_TASK TO COMPLETE_
Beginning with the line that contains "Spring by Edvard", restate each line below through the final one exactly, and exclude the pictures.

[Data entries]
__________________________________________________
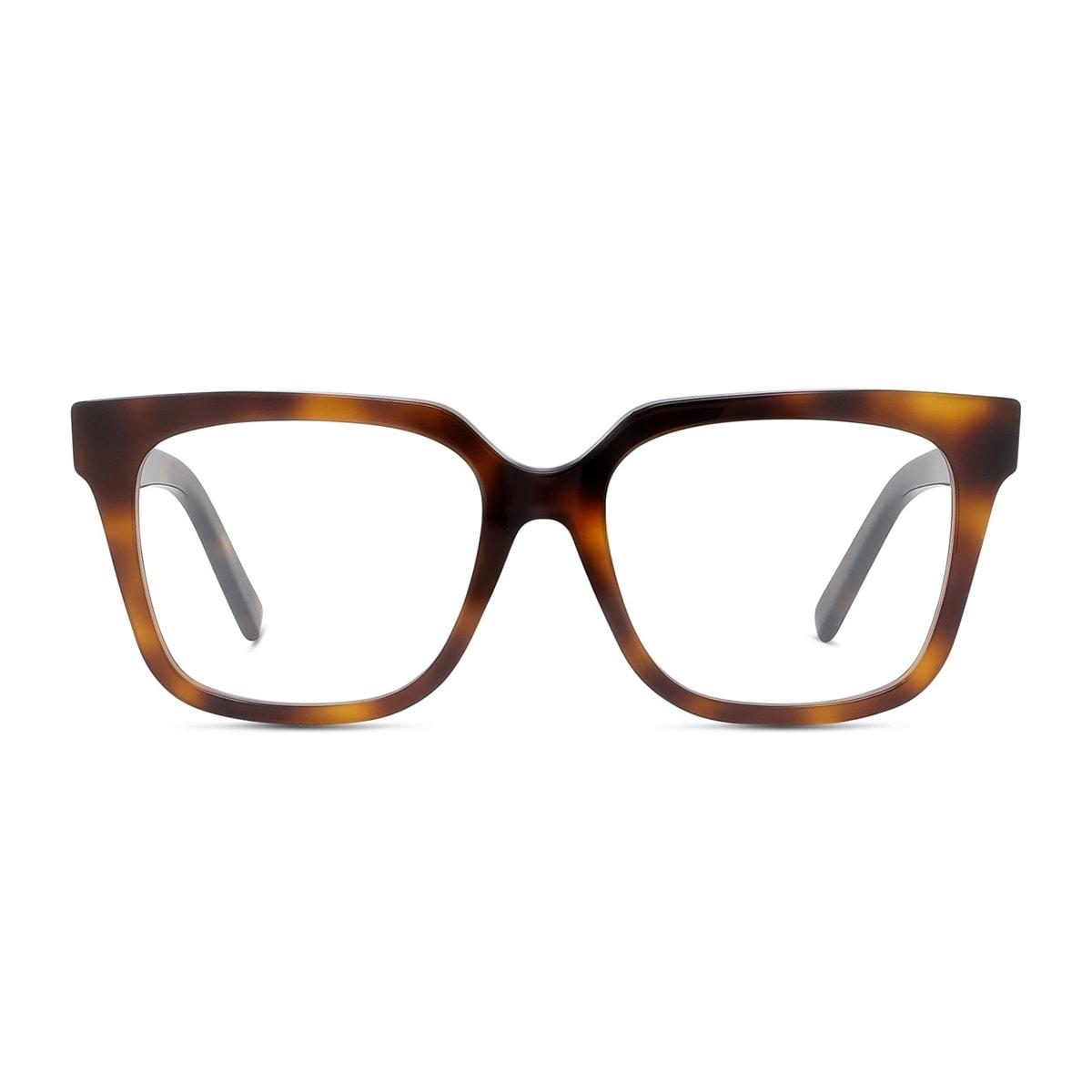 givenchy eyewear givenchy gv50042i 4g 053 havana glasses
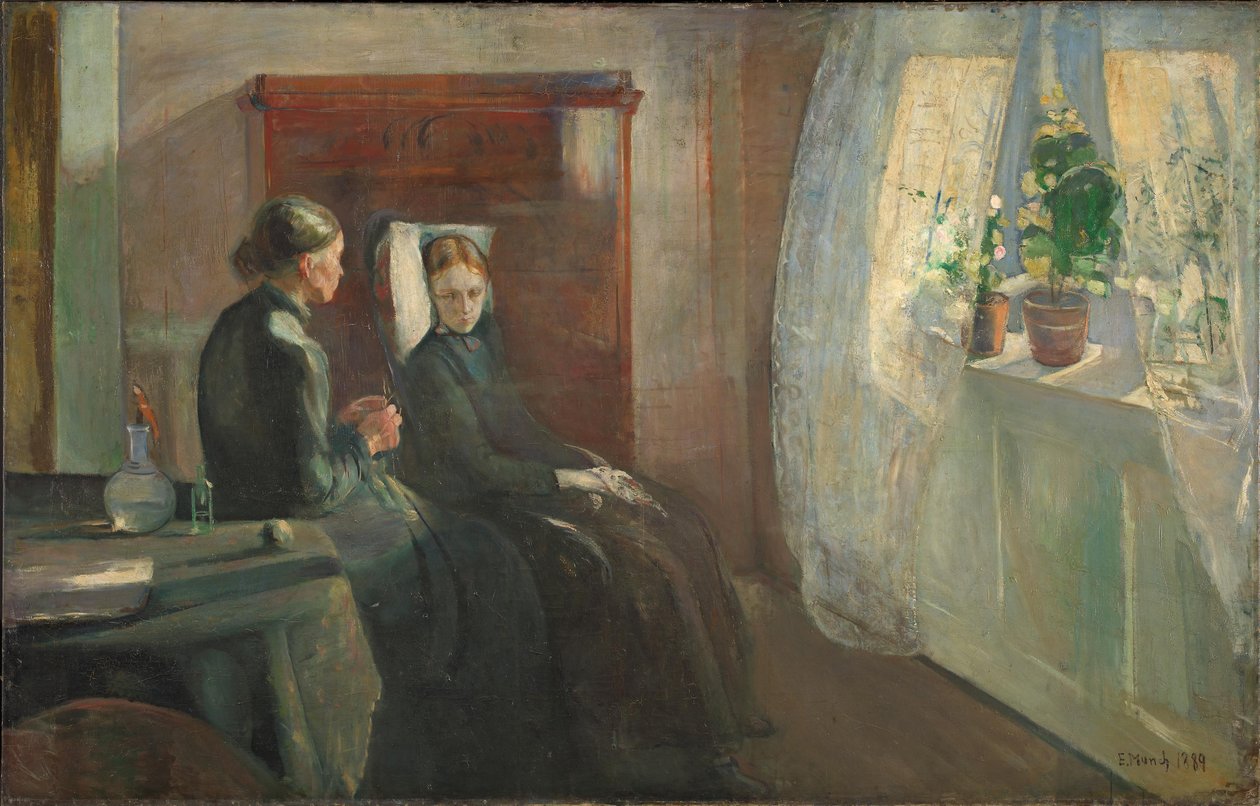 Spring by Edvard Munch: Highest-quality art reproduction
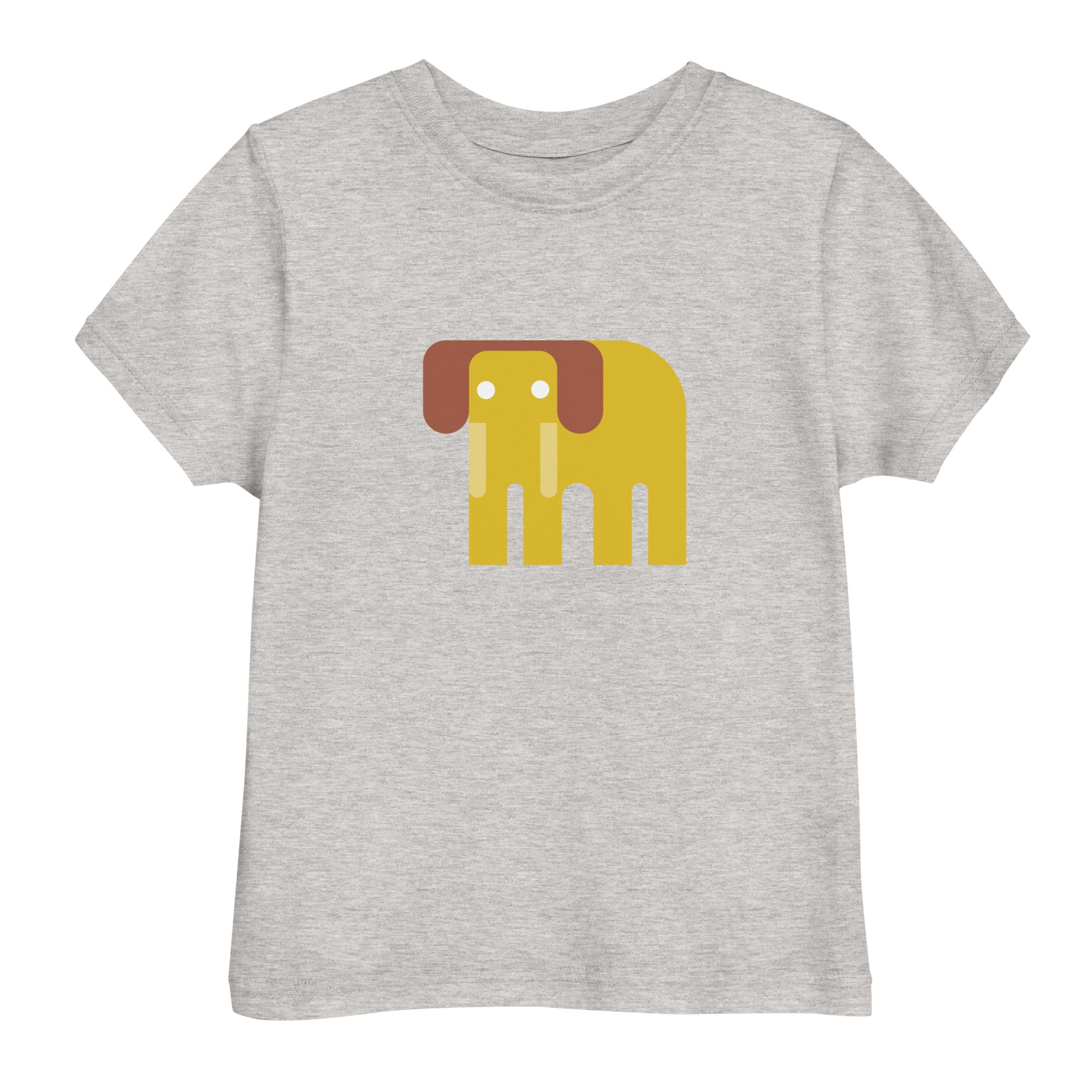 Toddler jersey t-shirt-Elephant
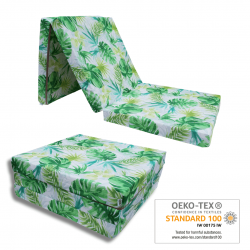 Folding mattress 195x65x8 cm -005
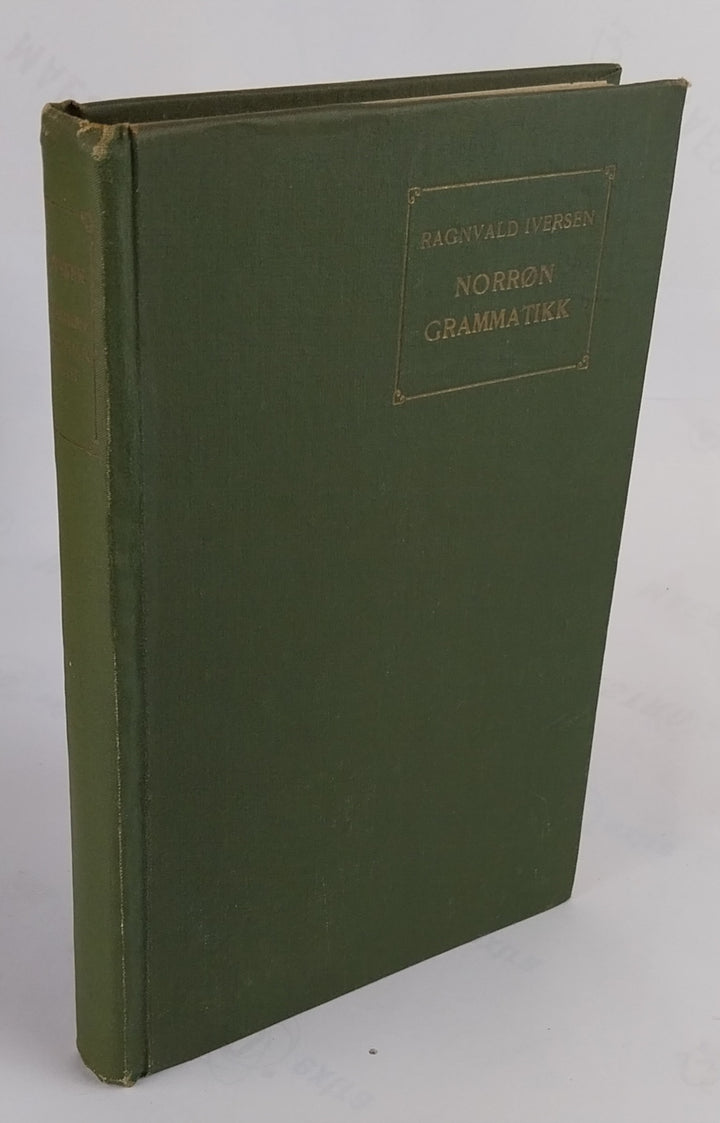 Norrøn grammatikk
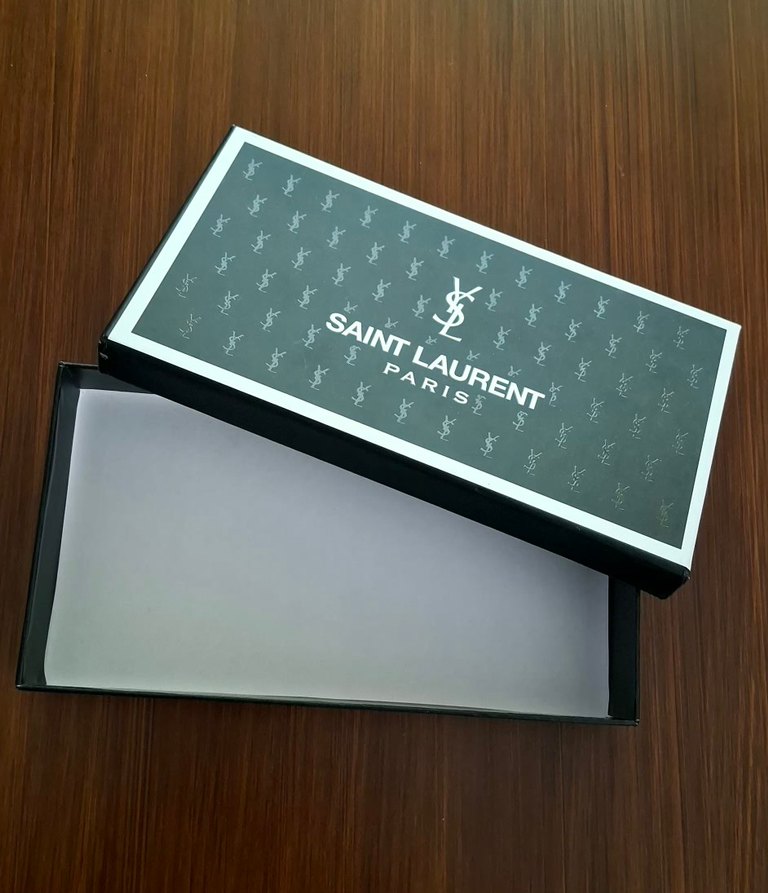 YSL Cüzdan Kutusu - Görsel 3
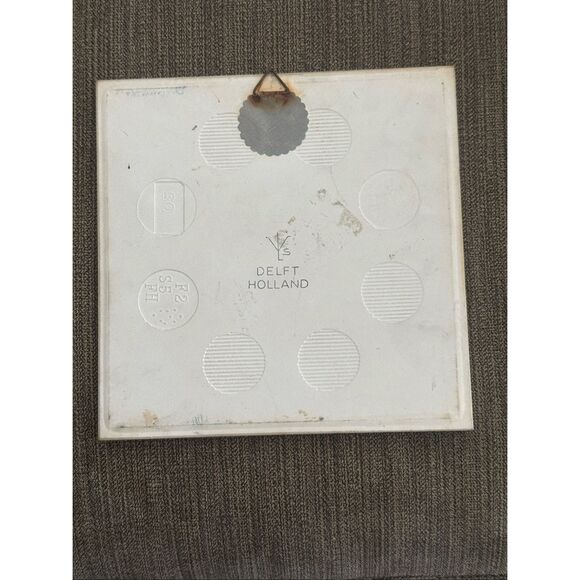 Delft Kerkstroot met Huisje  Ceramic Tile Holland - Picture 7 of 7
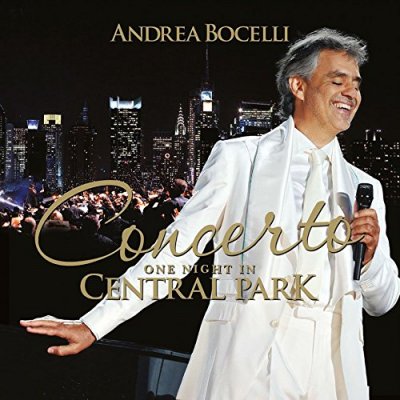 CD Shop - BOCELLI ANDREA CONCERTO: ONE NIGHT IN CEN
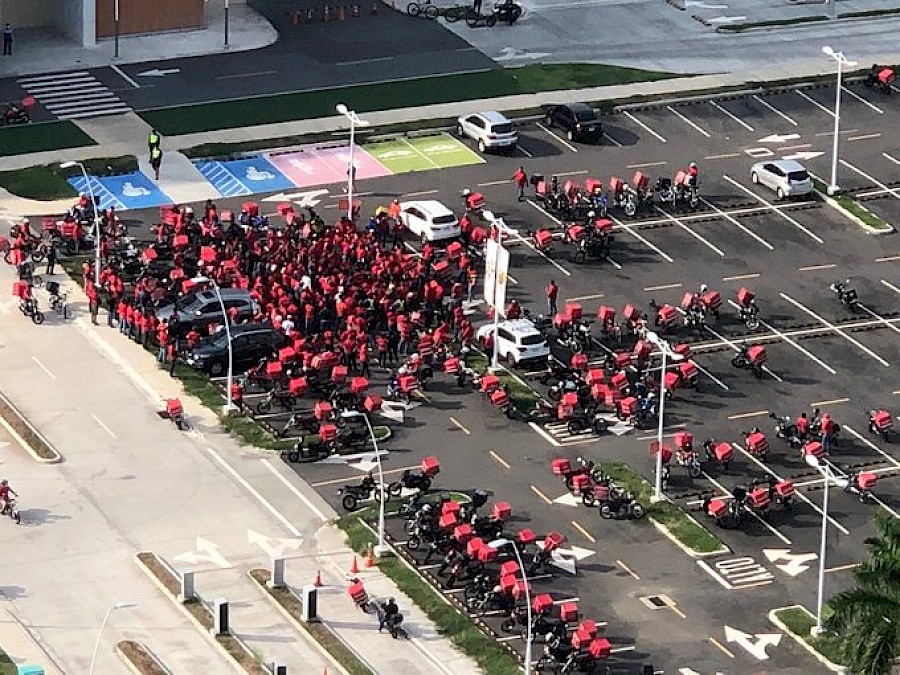 Tras protestas la plataforma de Appetito cancela 50 salvoconductos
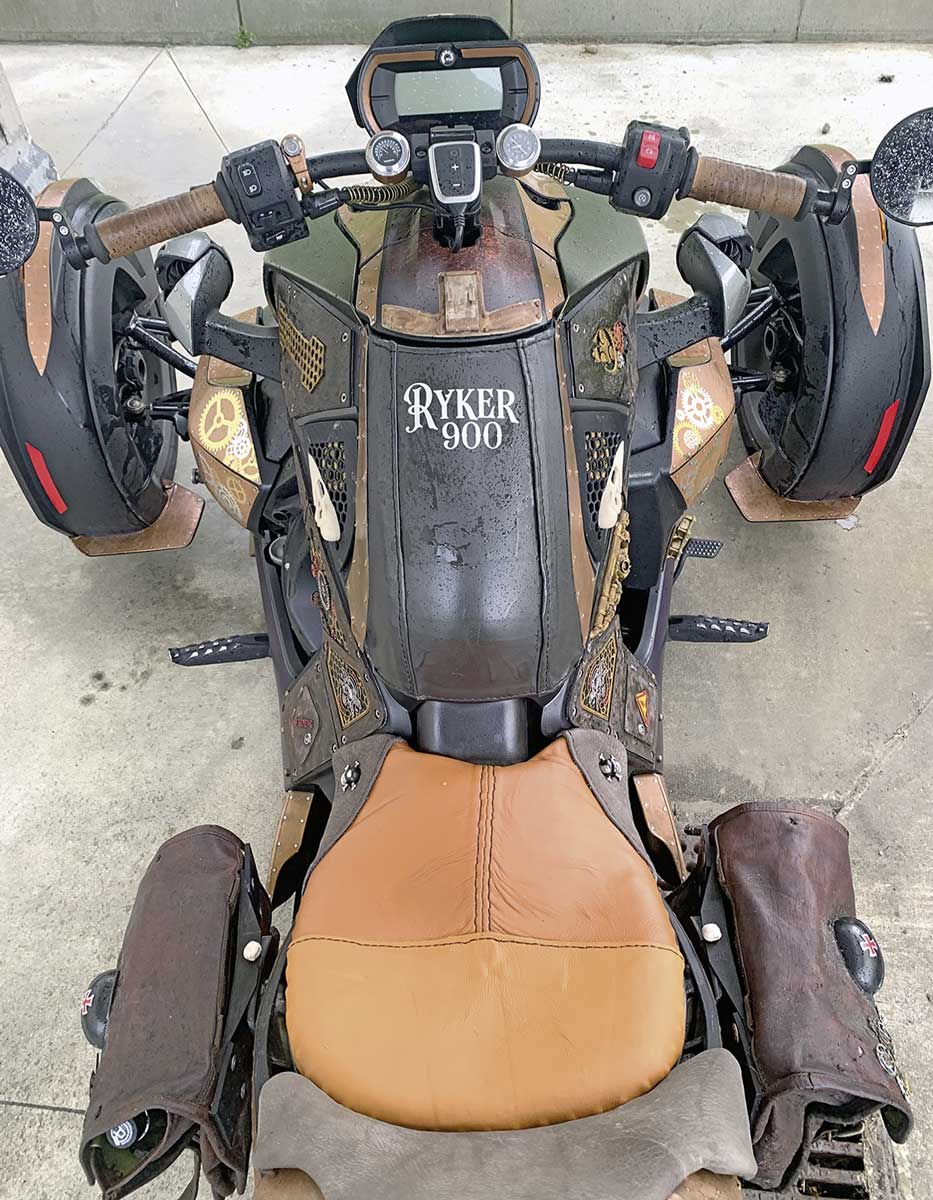 Leichte Modifikationen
__________________________________________________
_EXERCISE RESPONSE_
 Spring by Edvard Munch: Highest-quality art reproduction
 Toddler jersey t-shirt-Elephant
 Folding mattress 195x65x8 cm -005
 Norrøn grammatikk
 YSL Cüzdan Kutusu - Görsel 3
 Delft Kerkstroot met Huisje  Ceramic Tile Holland - Picture 7 of 7
 CD Shop - BOCELLI ANDREA CONCERTO: ONE NIGHT IN CEN
 Tras protestas la plataforma de Appetito cancela 50 salvoconductos
 Leichte Modifikationen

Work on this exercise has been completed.